Conference of Ministers of Justice of the Ibero-American Countries
- Abbreviation: COMJIB
- Formation: September 1970; 56 years ago (Madrid Act) October 7, 1992; 33 years ago (Treaty of Madrid)
- Type: Intergovernmental organization
- Headquarters: Madrid, Spain
- Region served: Ibero-America
- Members: 22 member states
- Official language: Spanish, Portuguese
- Secretary General: Enrique Gil Botero
- Website: comjib.org

= Conference of Ministers of Justice of the Ibero-American Countries =

Ibero-American intergovernmental organisation for legal cooperation

The Conference of Ministers of Justice of the Ibero-American Countries (COMJIB) is an intergovernmental organisation that promotes legal and judicial cooperation among the 22 ministries of justice of the Ibero-American community. It is headquartered in Madrid, Spain.

== History ==
The conference began as an informal forum for cooperation under the "Madrid Act" (Acta de Madrid) adopted at a meeting of Ibero-American ministers of justice in Madrid in September 1970.

On 7 October 1992 an extraordinary conference in Madrid adopted the Constitutive Treaty of the Conference of Ministers of Justice of the Ibero-American Countries (the "Treaty of Madrid"), elevating the organisation as an intergovernmental organisation with legal personality under international law.

The treaty entered into force on 1 September 1998 through the ratifications of Brazil, Chile, Colombia, Panama, Peru, Portugal and Spain.

A headquarters agreement with Spain was signed at Punta del Este on 13 November 2007.

On 21 December 2016 the United Nations General Assembly adopted resolution 71/153, granting the Conference observer status.

At its XXI Plenary Assembly in Medellín, Colombia, on 23–25 July 2019, the conference elected former Colombian justice minister Enrique Gil Botero as secretary general and opened for signature the Treaty on the Electronic Transmission of Requests for International Legal Cooperation between Central Authorities (the "Medellín Treaty").

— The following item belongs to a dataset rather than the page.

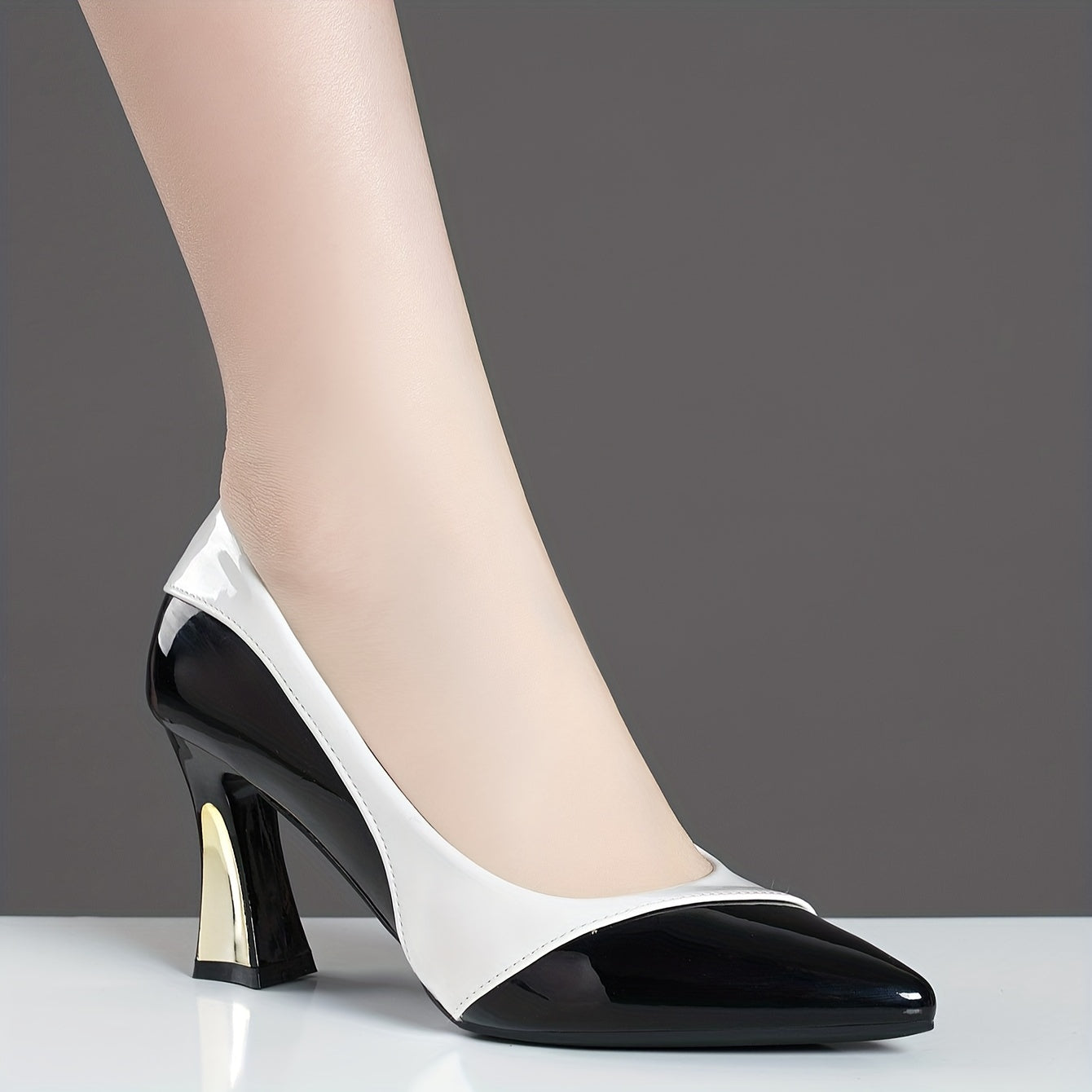 Colorblock Pointed-Toe Chunky Block Heel Pumps – Faux Leather Slip-On Dress Shoes for Women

Gil Botero was re-elected for a 2023–2027 term at the XXIII Plenary Assembly in Madrid in June 2023.

== Membership ==
The conference is made up of the ministries of justice, or equivalent bodies, of the 22 countries of the Ibero-American community: Andorra, Argentina, Bolivia, Brazil, Chile, Colombia, Costa Rica, Cuba, the Dominican Republic, Ecuador, El Salvador, Guatemala, Honduras, Mexico, Nicaragua, Panama, Paraguay, Peru, Portugal, Spain, Uruguay and Venezuela.

According to the organisation, 19 of the 22 have ratified the Constitutive Treaty.

== Organisation ==
Under the Constitutive Treaty, the conference is made up of the plenary conference of ministers, a five-member Delegated Commission and a permanent general secretariat headed by a secretary general.

The official languages of the conference are Spanish and Portuguese.